Promoting the Integrity and Security of Telecommunications Certification Bodies, Measurement Facilities, and the Equipment Authorization Program
The Federal Communications Commission (Commission or FCC) issues a Second Further Notice of Proposed Rulemaking proposing to cease recognition of test labs, Testing Certificatio...
The Federal Communications Commission (Commission or FCC) issues a Second Further Notice of Proposed Rulemaking proposing to cease recognition of test labs, Testing Certification Bodies (TCBs), and laboratory accreditation bodies in non-MRA or trade agreement participants (
i.e.,
non-Reciprocal Territories). The Commission also seeks comment on modernizing data analytics capabilities, and explores additional measures to protect intellectual property and national security.
DATES:
Comments are due on or before June 15, 2026 and reply comments are due on or before July 14, 2026.
ADDRESSES:
Pursuant to §§ 1.415 and 1.419 of the Commission's rules, 47 CFR 1.415, 1.419, interested parties may file comments and reply comments on or before the dates indicated in the
DATES
section above. Comments may be filed using the Commission's Electronic Comment Filing System (ECFS). You may submit comments, identified by ET Docket No. 24-136, by any of the following methods:
Electronic Filers:
Comments may be filed electronically using the internet by accessing the ECFS:
https://www.fcc.gov/ecfs.
Paper Filers:
Parties who choose to file by paper must file an original and one copy of each filing.
Filings can be sent by hand or messenger delivery, by commercial courier, or by the U.S. Postal Service.All filings must be addressed to the Secretary, Federal Communications Commission.
Hand-delivered or messenger-delivered paper filings for the Commission's Secretary are accepted between 8:00 a.m. and 4:00 p.m. by the FCC's mailing contractor at 9050 Junction Drive, Annapolis Junction, MD 20701. All hand deliveries must be held together with rubber bands or fasteners. Any envelopes and boxes must be disposed of before entering the building.
Commercial courier deliveries (any deliveries not by the U.S. Postal Service) must be sent to 9050 Junction Drive, Annapolis Junction, MD 20701.
Filings sent by U.S. Postal Service First-Class Mail, Priority Mail, and Priority Mail Express must be sent to 45 L Street NE, Washington, DC 20554.
People With Disabilities:
To request materials in accessible formats for people with disabilities (braille, large print, electronic files, audio format), send an email to
fcc504@fcc.gov
or call the Consumer & Governmental Affairs Bureau at 202-418-0530.

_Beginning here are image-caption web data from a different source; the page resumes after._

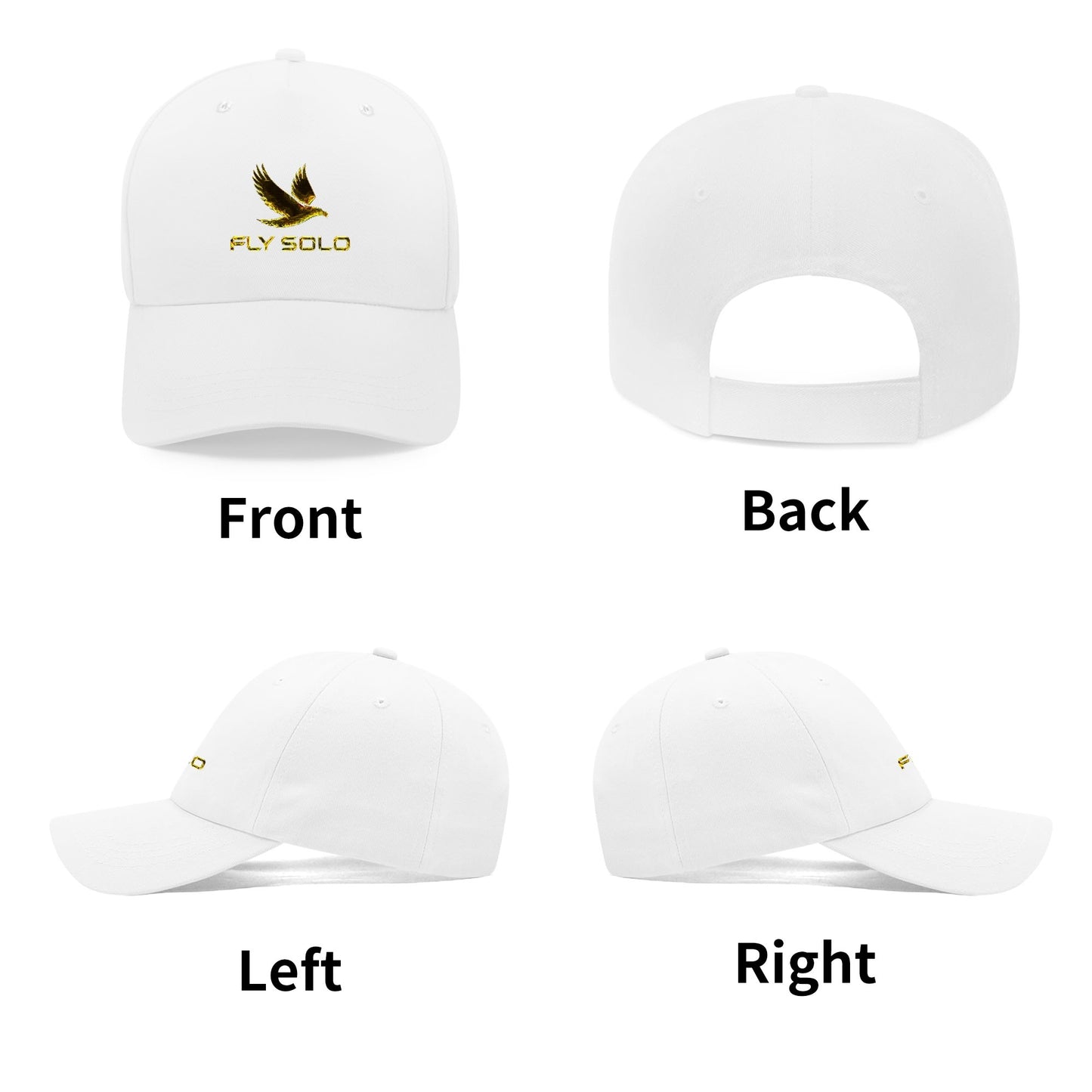 Outspoken Designs 03-01 "Fly Solo" Designer Duckbill Baseball Cap (4 colors)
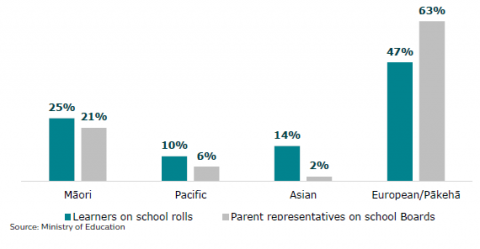 Figure 48: Ethnicity of parent representatives on Boards: 2020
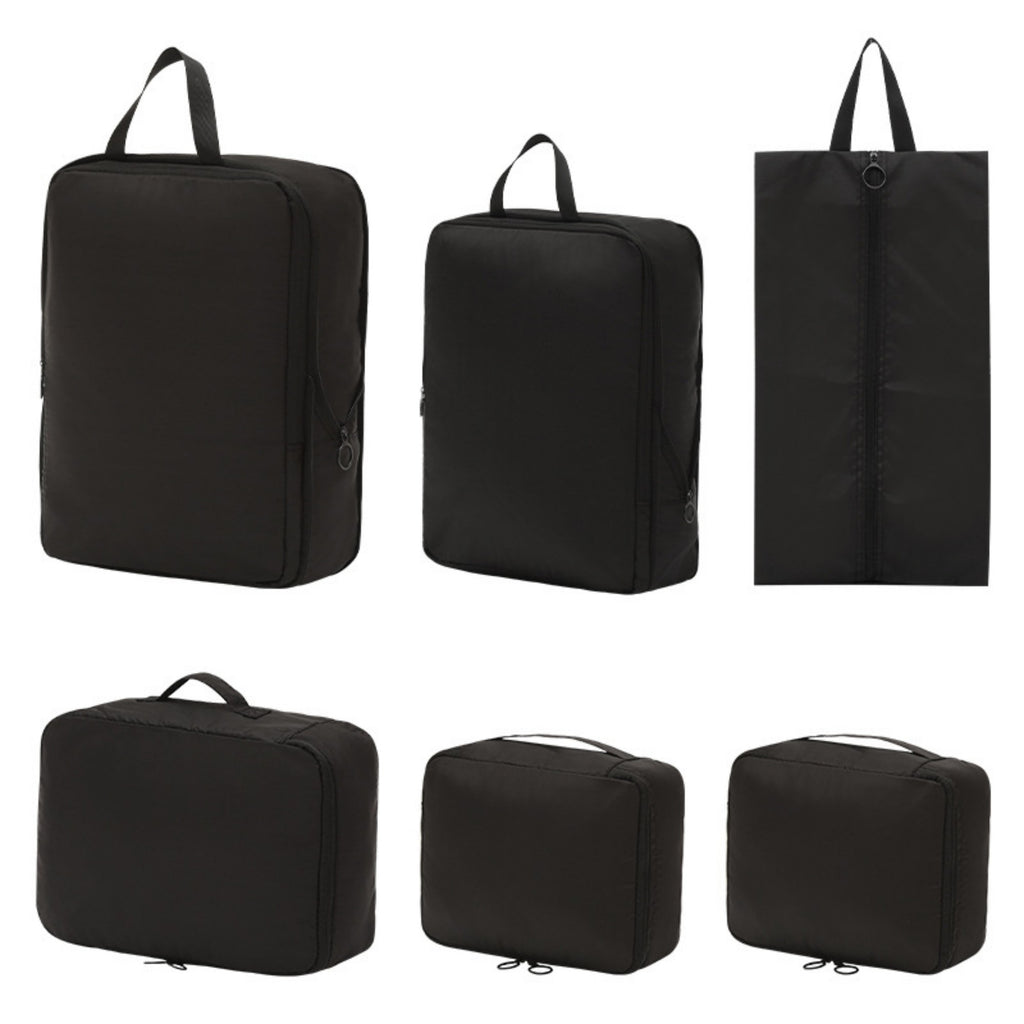 Anna-Kaci 6-Piece Compression Packing Cube Set with Zipper Closure and Handle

FOR FURTHER INFORMATION CONTACT:
Katherine Nevitt of the Office of Engineering and Technology, at 301-317-0062 or
katherine.nevitt@fcc.gov.
SUPPLEMENTARY INFORMATION:
This is a summary of the Commission's
Second Further Notice of Proposed Rulemaking,
in ET Docket No. 24-136, FCC 26-28, adopted on April 30, 2026, and released on May 1, 2026. The full text of this document is available for public inspection and can be downloaded at
https://docs.fcc.gov/public/attachments/FCC-26-28A1.pdf.

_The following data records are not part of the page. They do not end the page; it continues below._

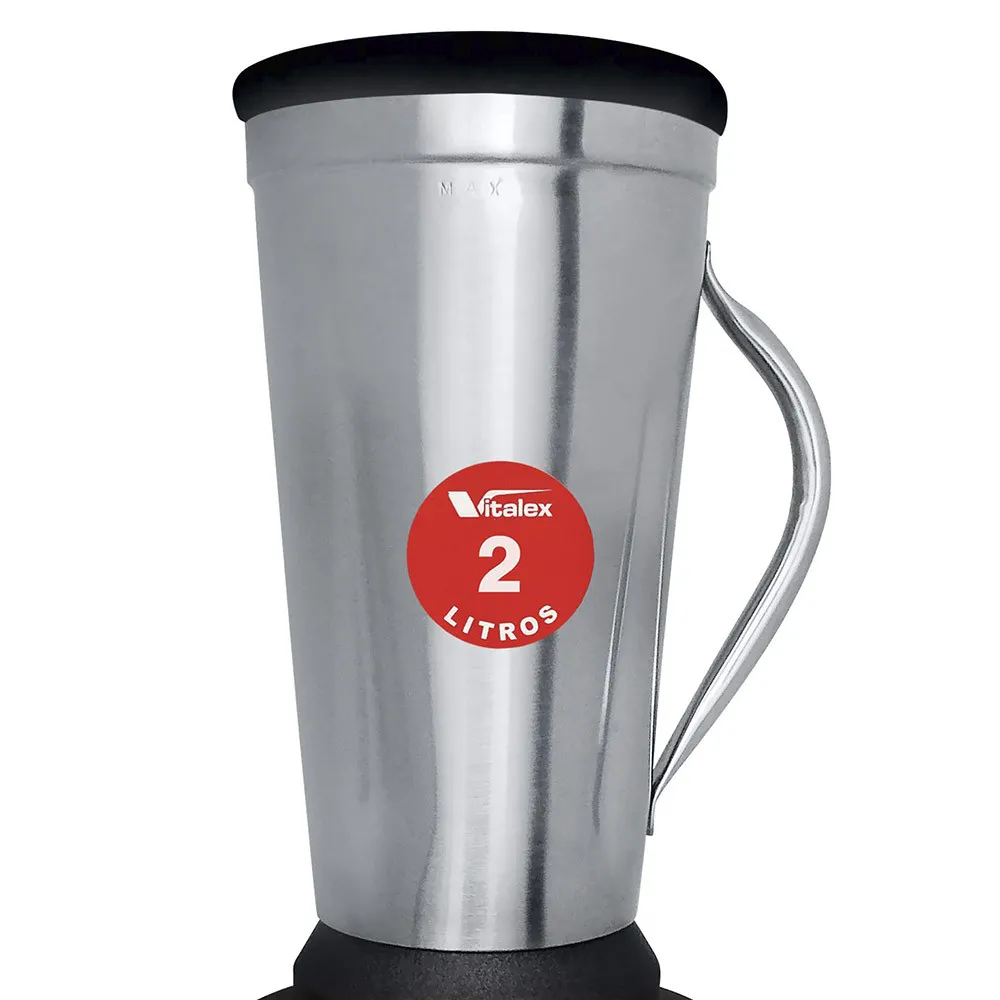 Liquidificador Industrial Baixa Rotação 2 Litros Vitalex - Imagem 2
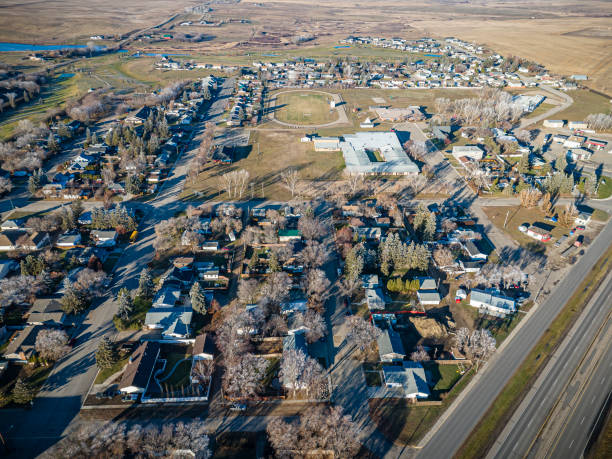 istock Aerial View of Delisle, Saskatchewan 1937684761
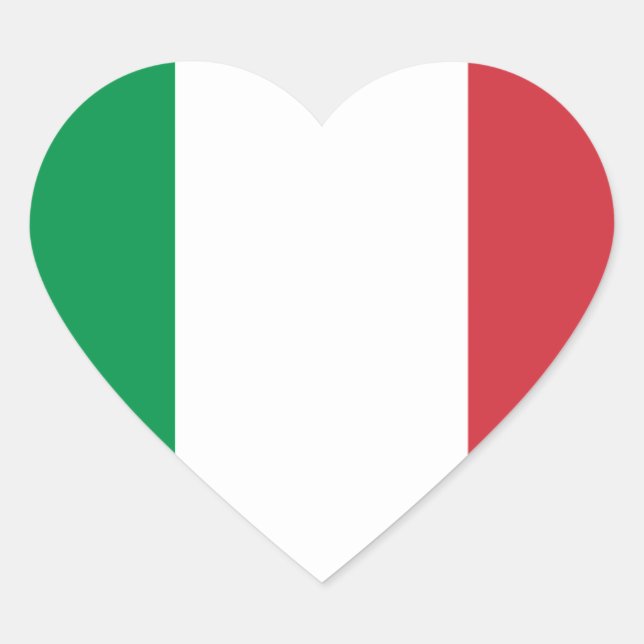 Pegatina En Forma De Corazón italia (Anverso)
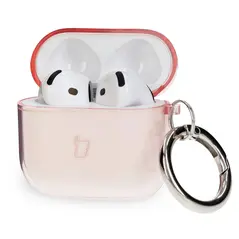 Bizon Case Headphone Clear Apple AirPods 4 clear-pink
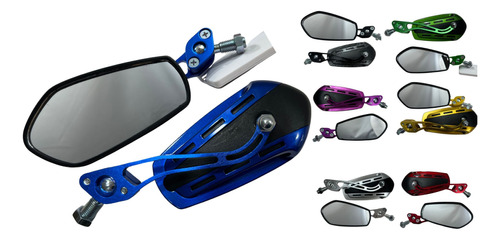 ESPEJO MOTO SOKO AZUL METALICO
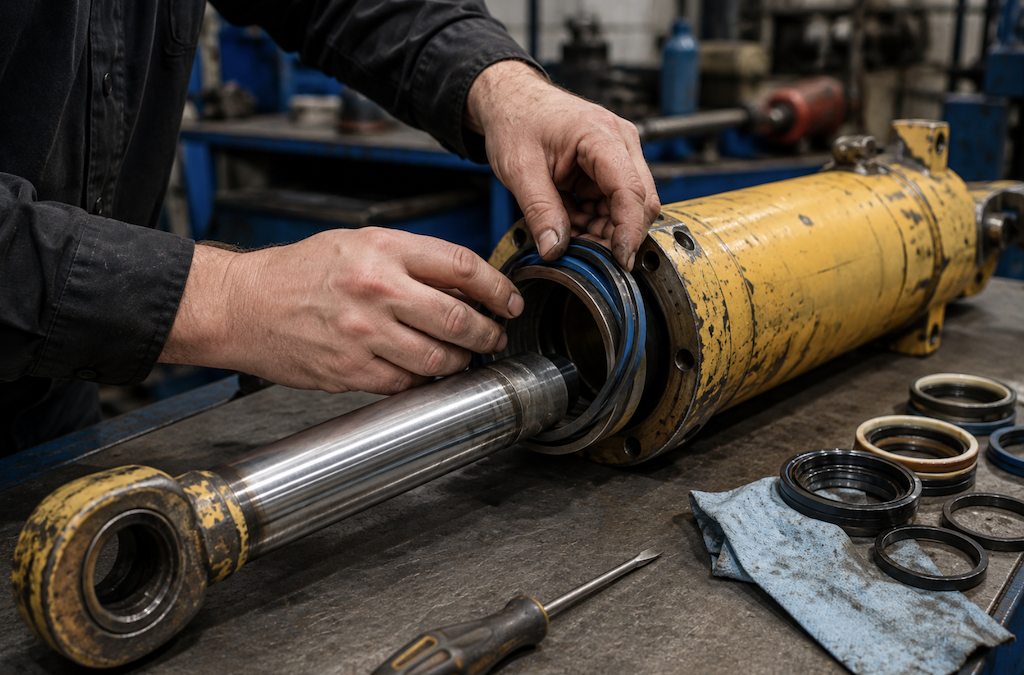 Replacing a Seal on a Hydraulic Cylinder​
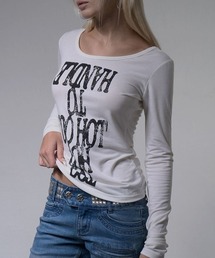 A'GEM/9 × .kom 『FANCY CLUB/ファンシークラブ』 TOO HOT LONG SLEEVE/TOOHOT ロングスリーブカットソー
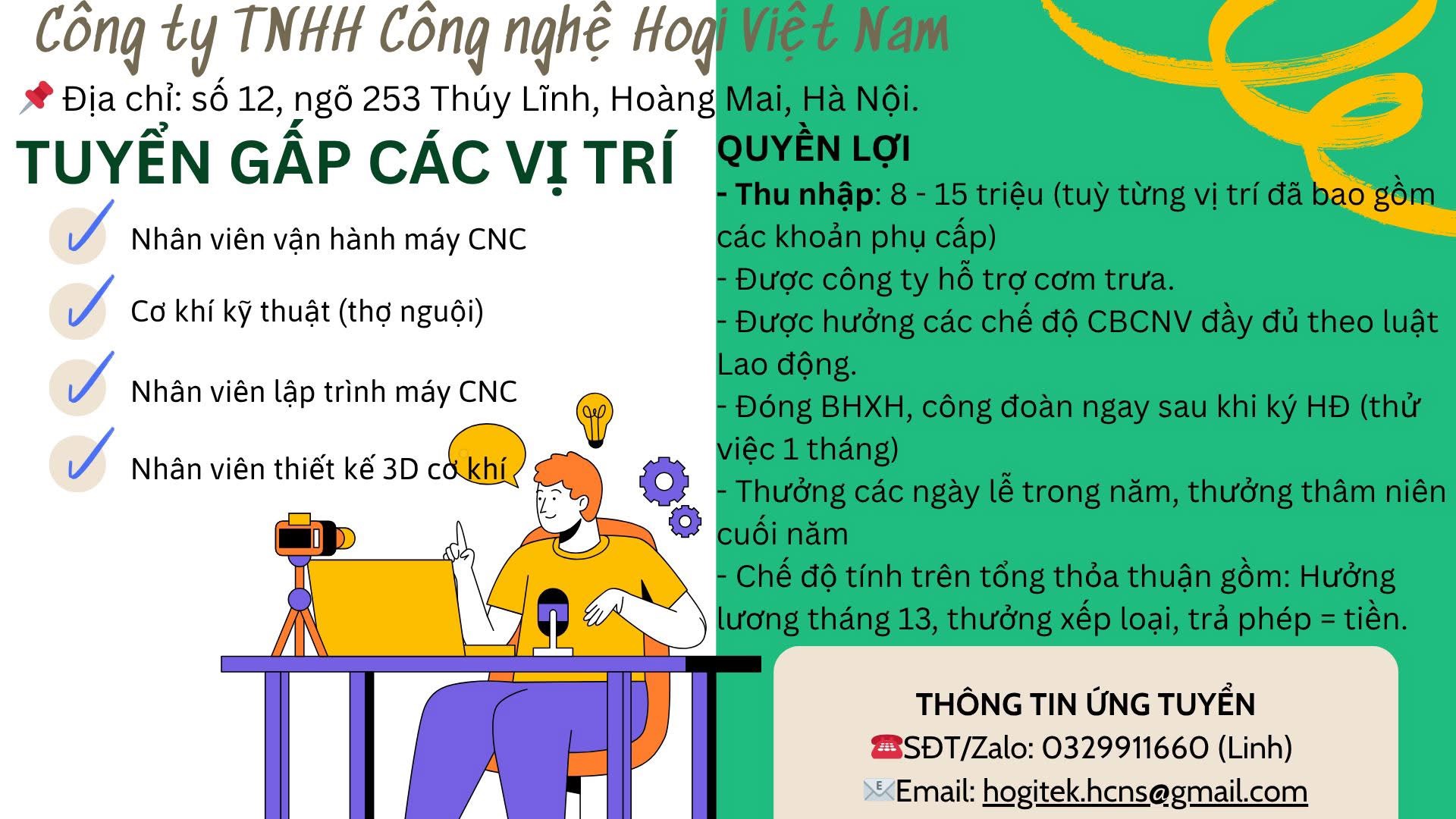 công ty TNHH công nghệ hogi việt nam
công ty chuyên gia công chế tạo khuôn mẫu cao su,khuôn hút chân không image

Alternative formats are available for people with disabilities (Braille, large print, electronic files, audio format) by sending an email to
fcc504@fcc.gov
or calling the Commission's Consumer and Governmental Affairs Bureau at (202) 418-0530 (voice).
Ex Parte Presentations.
The proceeding this document initiates shall be treated as a “permit-but-disclose” proceeding in accordance with the Commission's
ex parte
rules. Persons making
ex parte
presentations must file a copy of any written presentation or a memorandum summarizing any oral presentation within two business days after the presentation (unless a different deadline applicable to the Sunshine period applies). Persons making oral
ex parte
presentations are reminded that memoranda summarizing the presentation must (1) list all persons attending or otherwise participating in the meeting at which the
ex parte
presentation was made, and (2) summarize all data presented and arguments made during the presentation. If the presentation consisted in whole or in part of the presentation of data or arguments already reflected in the presenter's written comments, memoranda or other filings in the proceeding, the presenter may provide citations to such data or arguments in his or her prior comments, memoranda, or other filings (specifying the relevant page and/or paragraph numbers where such data or arguments can be found) in lieu of summarizing them in the memorandum. Documents shown or given to Commission staff during
ex parte
meetings are deemed to be written
ex parte
presentations and must be filed consistent with rule 1.1206(b). In proceedings governed by rule 1.49(f) or for which the Commission has made available a method of electronic filing, written
ex parte
presentations and memoranda summarizing oral
ex parte
presentations, and all attachments thereto, must be filed through the electronic comment filing system available for that proceeding, and must be filed in their native format (
e.g.,.doc, .xml, .ppt, searchable .pdf). Participants in this proceeding should familiarize themselves with the Commission's
ex parte
rules.
Regulatory Flexibility Act.
The Regulatory Flexibility Act of 1980, as amended (RFA) requires that an agency
( printed page 27885)
prepare a regulatory flexibility analysis for notice and comment rulemakings, unless the agency certifies that “the rule will not, if promulgated, have a significant economic impact on a substantial number of small entities.” Accordingly, the Commission has prepared an Initial Regulatory Flexibility Analysis (IRFA) concerning the possible/potential impact of rule and policy proposals on small entities in the FCC document. The IRFA is found in Appendix D of the
Second Further Notice of Proposed Rulemaking.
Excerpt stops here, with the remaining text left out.